▶ _YOUR GOAL_
Line for line, return the data exactly, omitting all pictures.

DATA SECTION START

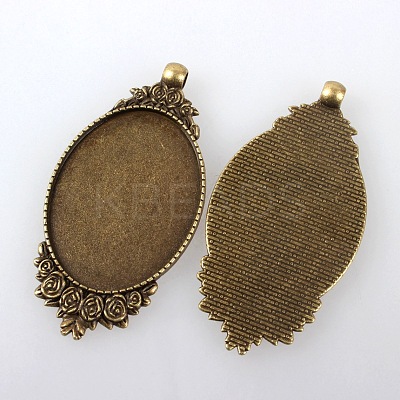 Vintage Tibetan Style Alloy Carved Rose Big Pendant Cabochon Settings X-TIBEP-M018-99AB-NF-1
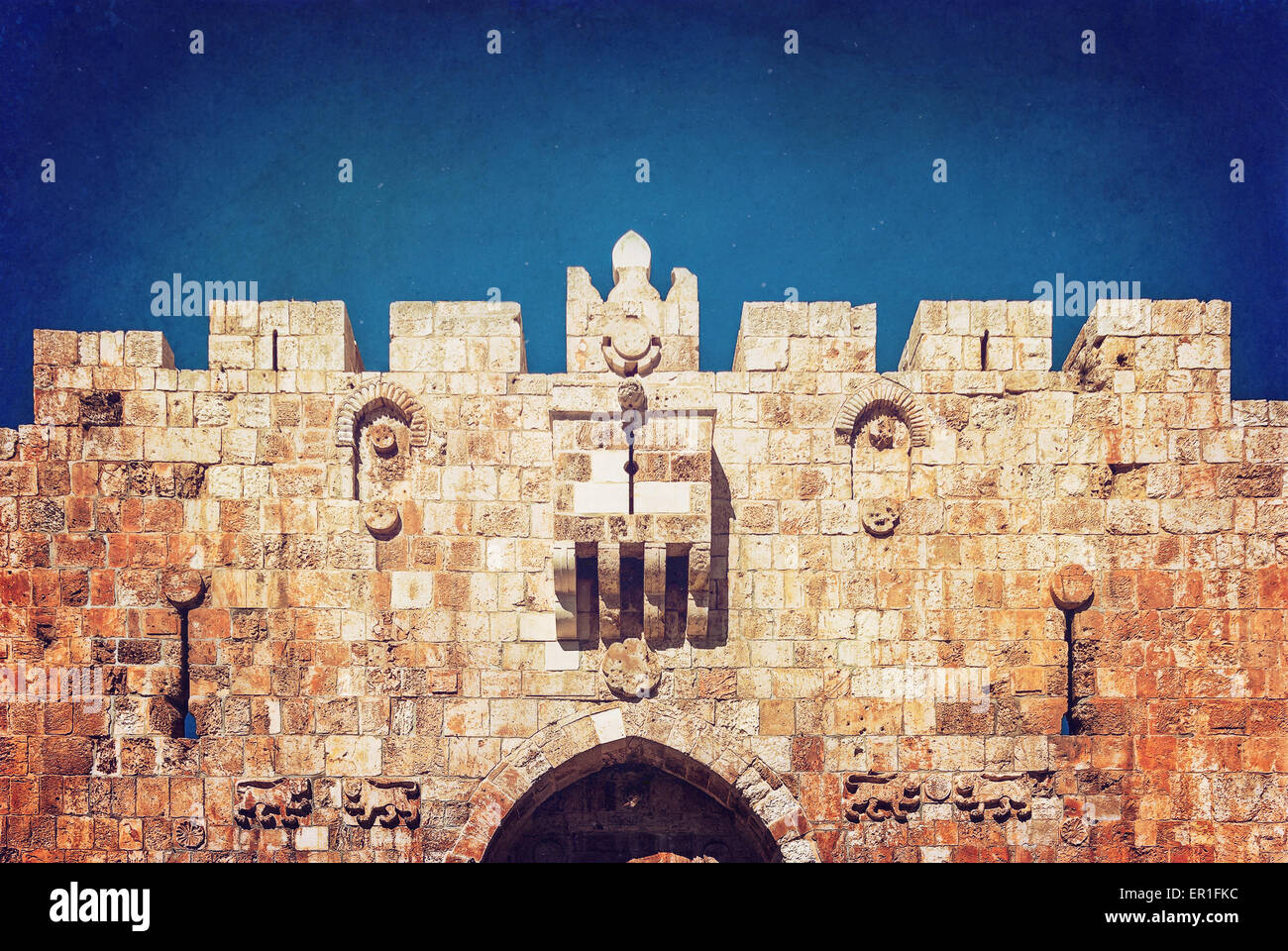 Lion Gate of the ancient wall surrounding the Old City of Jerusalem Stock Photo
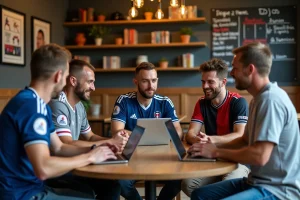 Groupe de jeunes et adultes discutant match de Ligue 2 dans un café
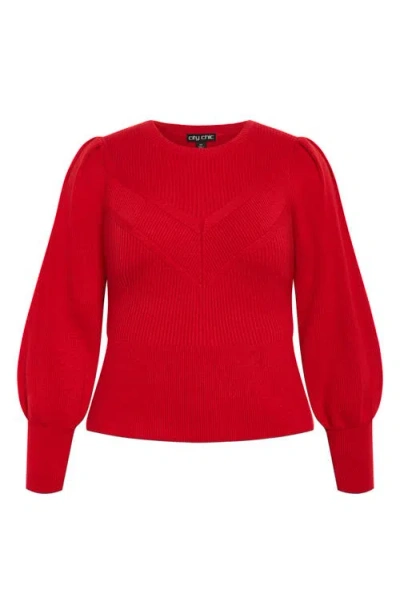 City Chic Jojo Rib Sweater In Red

DATA SECTION END

▶ _OUTPUT FOR THIS TASK_
 Vintage Tibetan Style Alloy Carved Rose Big Pendant Cabochon Settings X-TIBEP-M018-99AB-NF-1
 Lion Gate of the ancient wall surrounding the Old City of Jerusalem Stock Photo
 Groupe de jeunes et adultes discutant match de Ligue 2 dans un café
 City Chic Jojo Rib Sweater In Red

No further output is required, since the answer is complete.